Shelley Michelle deserves a special shout-out as Katya, a Russian ballet diva who enters with the line “I speak English, I just prefer not to talk to white trash.” That line is the only time Michelle employs anything resembling a Russian accent, which would be weird if her character and personality didn’t completely change every ten minutes.

Danny Weber is also highly entertaining as Jeffrey, the concert violinist who is also a pimp, who sums himself up thusly: “I’m like a drive-thru, but instead of burgers, its whores they order with a side of fries and a soda!”

Seriously, man. How can you go wrong with characters like Diggs The Homeless Showboy, the friendly drag queen Magnolia Silver, Uber-Nana, and Daryl The Karate Moves Dancer? You can’t, that’s how.

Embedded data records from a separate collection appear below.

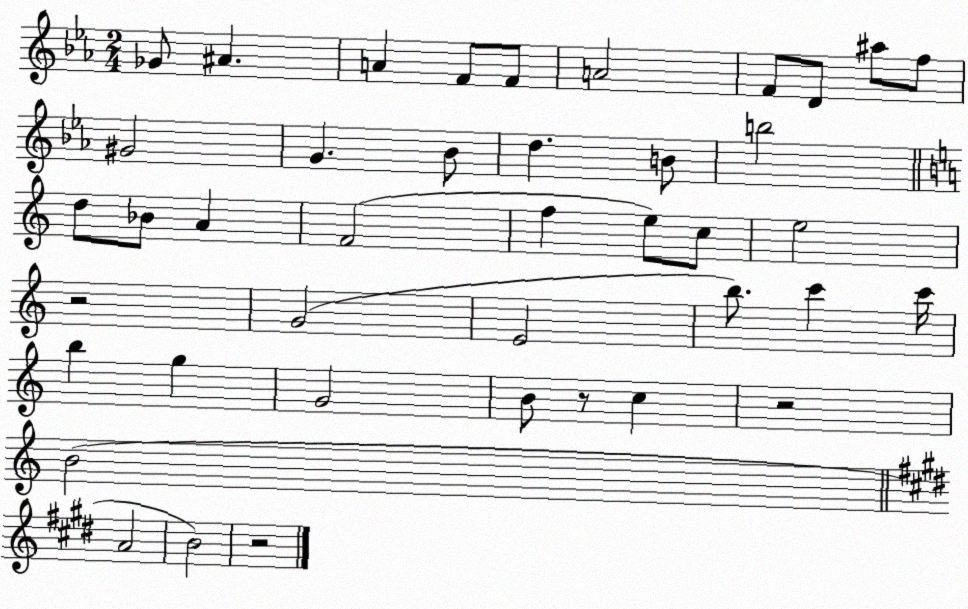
X:1
T:Untitled
M:2/4
L:1/4
K:Eb
_G/2 ^A A F/2 F/2 A2 F/2 D/2 ^a/2 f/2 ^G2 G _B/2 d B/2 b2 d/2 _B/2 A F2 f e/2 c/2 e2 z2 G2 E2 b/2 c' c'/4 b g G2 B/2 z/2 c z2 B2 A2 B2 z2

And I’d like to give special notice to Paula Labaredes, playing Maria, the maid that Penny inexplicably hires after accidentally killing a Marilyn Monroe impersonator and disguising herself as a lady named Helga. (You know, as one does…)

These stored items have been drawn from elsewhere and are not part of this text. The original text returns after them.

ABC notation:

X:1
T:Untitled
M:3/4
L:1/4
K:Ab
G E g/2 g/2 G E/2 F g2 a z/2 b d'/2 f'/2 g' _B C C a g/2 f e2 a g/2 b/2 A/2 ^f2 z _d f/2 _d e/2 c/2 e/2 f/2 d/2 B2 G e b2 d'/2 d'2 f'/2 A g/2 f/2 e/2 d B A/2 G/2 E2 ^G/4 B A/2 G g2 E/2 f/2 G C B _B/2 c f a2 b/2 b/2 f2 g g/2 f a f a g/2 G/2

Labaredes has what might be my favorite lines in a movie that is practically all good lines, when referring to snuff films: “No, it’s not tobacco! It’s very evil! I studied this in my detective classes that I’m taking!”

Yeah, so this is the part where I basically recite a bunch of lines that I love out of context in order to give you an idea of what we’re dealing with and take up precious, precious word count:

“I saw her do the shimmy extra hard! I saw it out of the corner of my eye!”

“I don’t know what’s worse: your dancing, or your cameltoe!”

“I like chinchilla! I like it better than mink, in my opinion!”

“It was an option at the morgue: burial, cremation, or ashes into a diamond.”

and finally, this deathless line from the talent coordinator for ‘Star Dancers’:

“I don’t care how old you are, I don’t care how young you are, as long as you roast! … Red hot magic heat!”

Hey, I don’t want to tell you how to run your sexy dance show, Mister Talent Coordinator, but… you should probably care how young they are…

All told, this was a great surprise. Going in, I was expecting to struggle to find anything decent to say about this movie. I was expecting a disaster, and now I’m fighting not to just right down every line I loved (and those that I quoted are the tip of the iceberg. The script has at least one keeper per minute); every loopy plot development (I didn’t even get into the evil cult stuff); every piece of incredibly bizarre musical choices (including the most tension-filled version of ‘Pop Goes The Weasel’ I’ve ever heard.)

So there you have it, against all odds: Showgirls 2: Penny’s From Heaven comes highly recommended.